Starting at the first line of the entries below, please return exactly each line up to and including the one with "Spiral Pi Math Pi Day Funny Gift Pillow"; pictures stay out.

---------- Task material

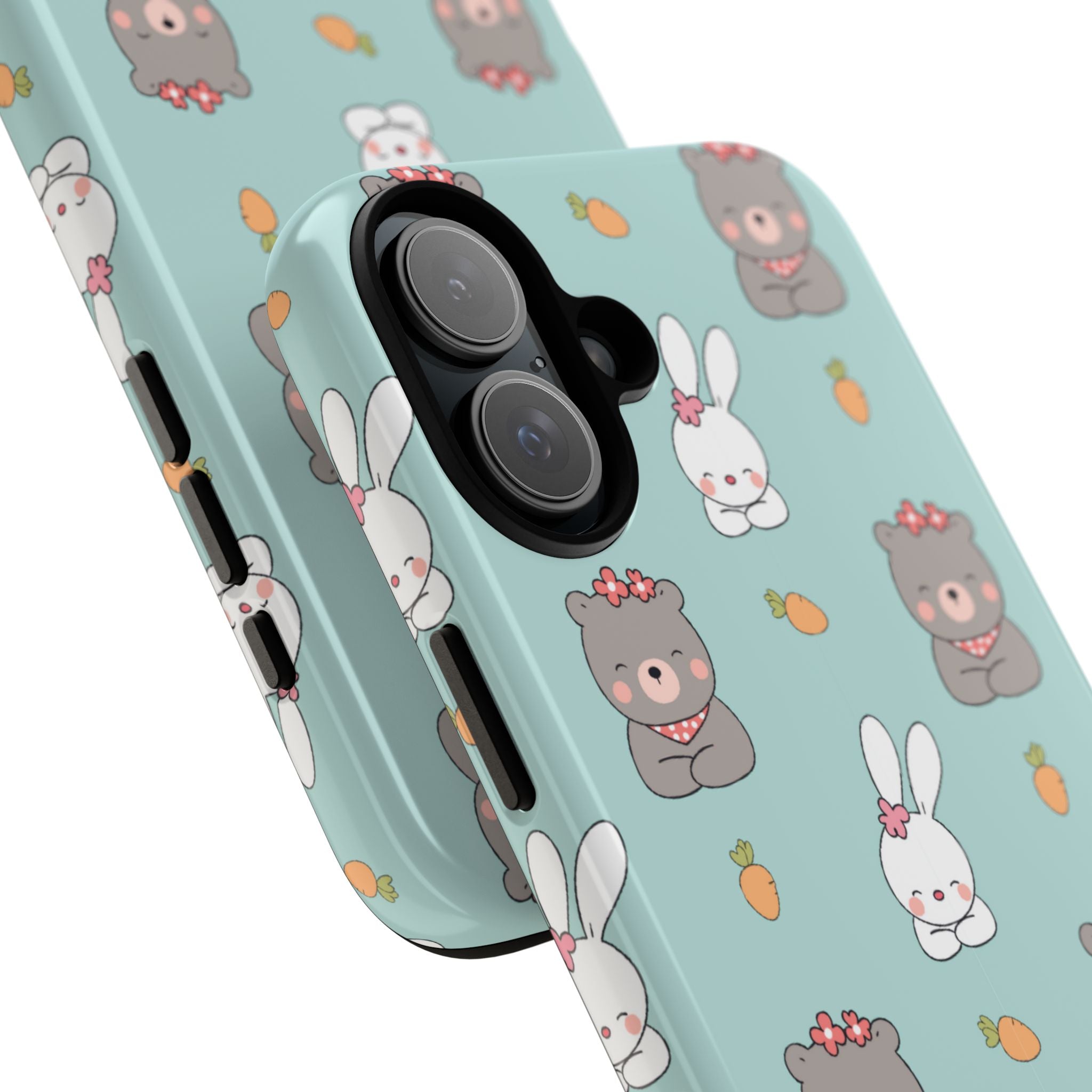 Bunnies Gather Carrots - iPhone Case
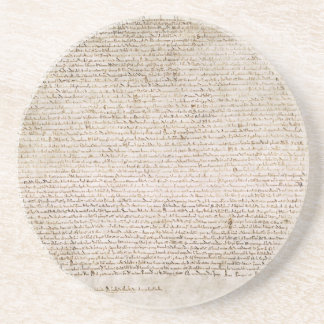 Die Magna-Charta von 1215 Getränkeuntersetzer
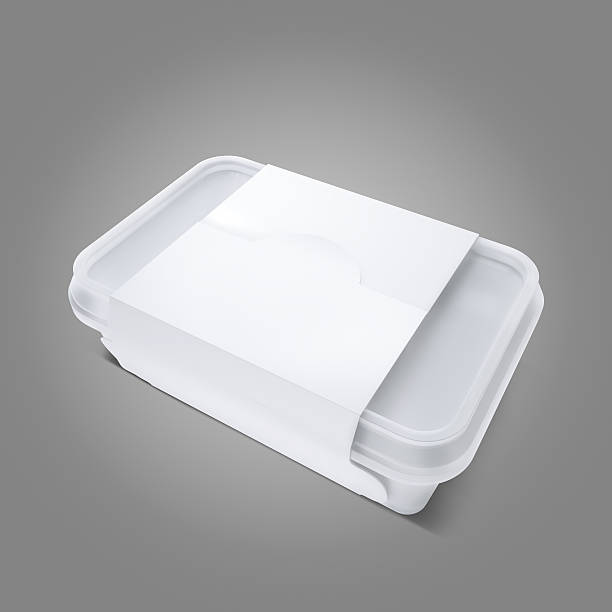 istock White bank for food on gray background 497983696
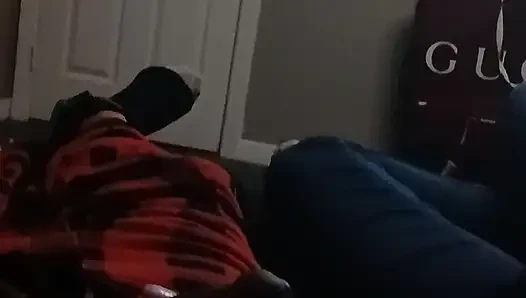 Ebony Paradise1901 sucking my bbc like a whore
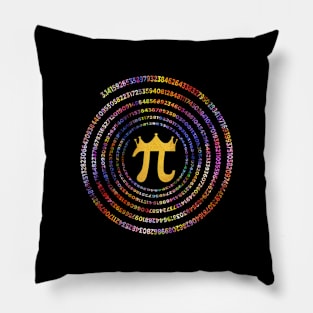 Spiral Pi Math Pi Day Funny Gift Pillow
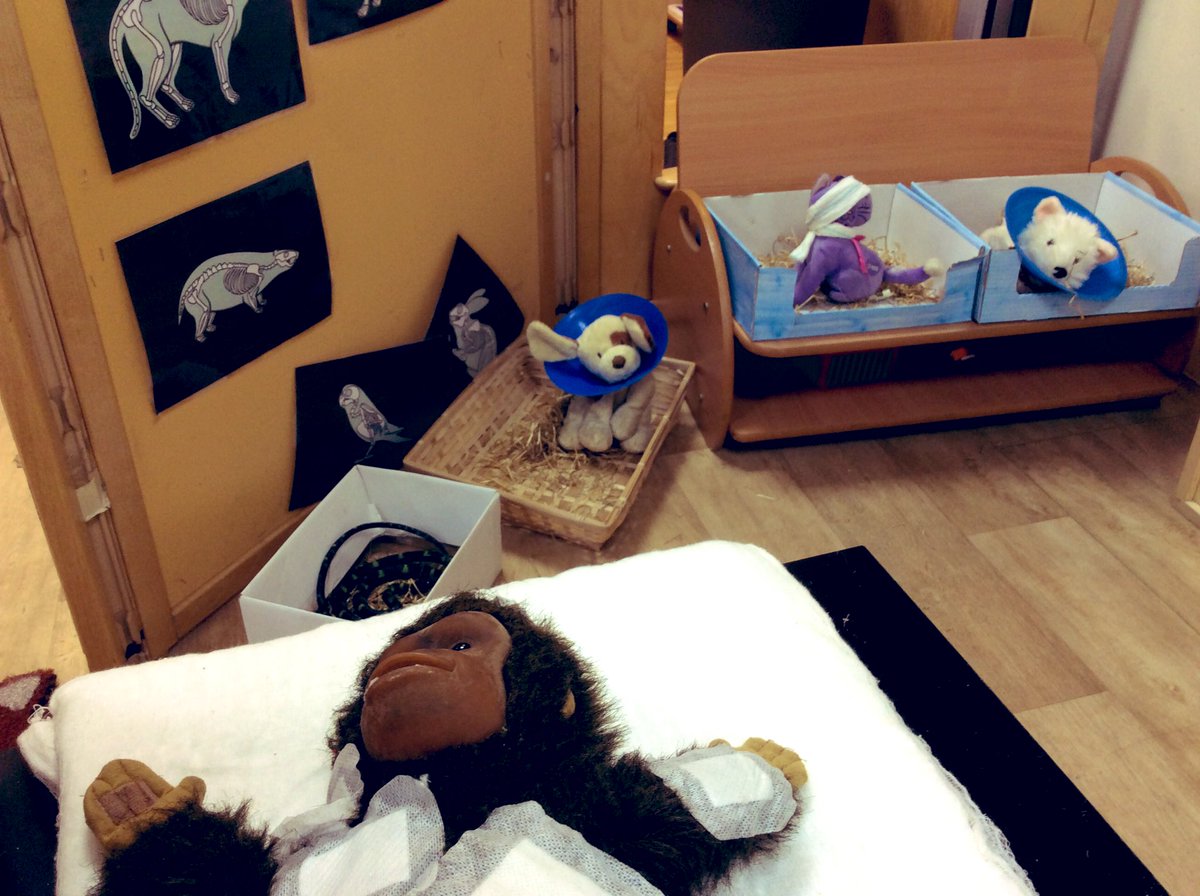 olasjfoundation's tweet photo. Such a popular role play area within our provision this term, all our cuddly animals are receiving excellent care in Foundation’s Veterinary Surgery #earlyyears #eyfs #earlyyearsprovision #eyfsprovision #olasjprimary https://t.co/1xcCn9aOi2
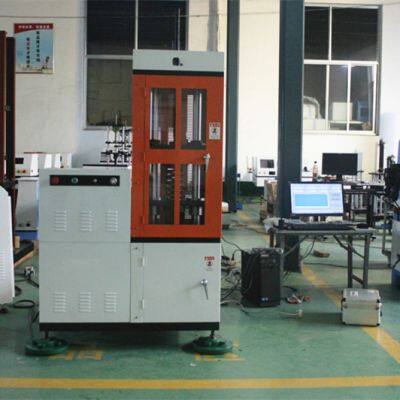 HST-TPL20T 20KN Vier-Arbeitsplatz-Typ Touchscreen-Federzug- und -druckermüdungsprüfmaschine photo-3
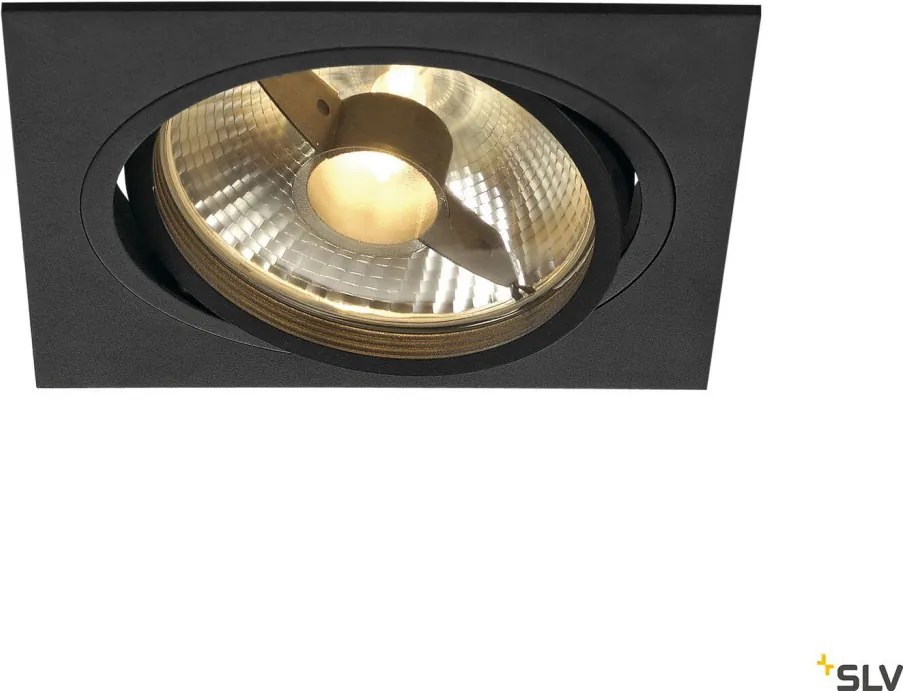 SLV NEW TRIA 113830 Beépíthető spotlámpa 1x75W/GU10/ES111 IP20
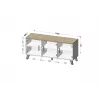 Cama credenza LOTTA 150 3D bianco + sonoma oak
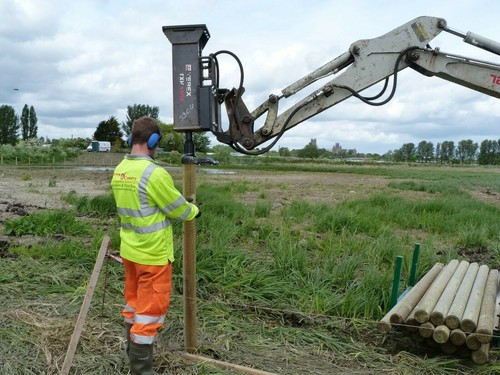 Post knocker driver for - post,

--------------------

Solution below:
 Bunnies Gather Carrots - iPhone Case
 Die Magna-Charta von 1215 Getränkeuntersetzer
 istock White bank for food on gray background 497983696
 Ebony Paradise1901 sucking my bbc like a whore
 Spiral Pi Math Pi Day Funny Gift Pillow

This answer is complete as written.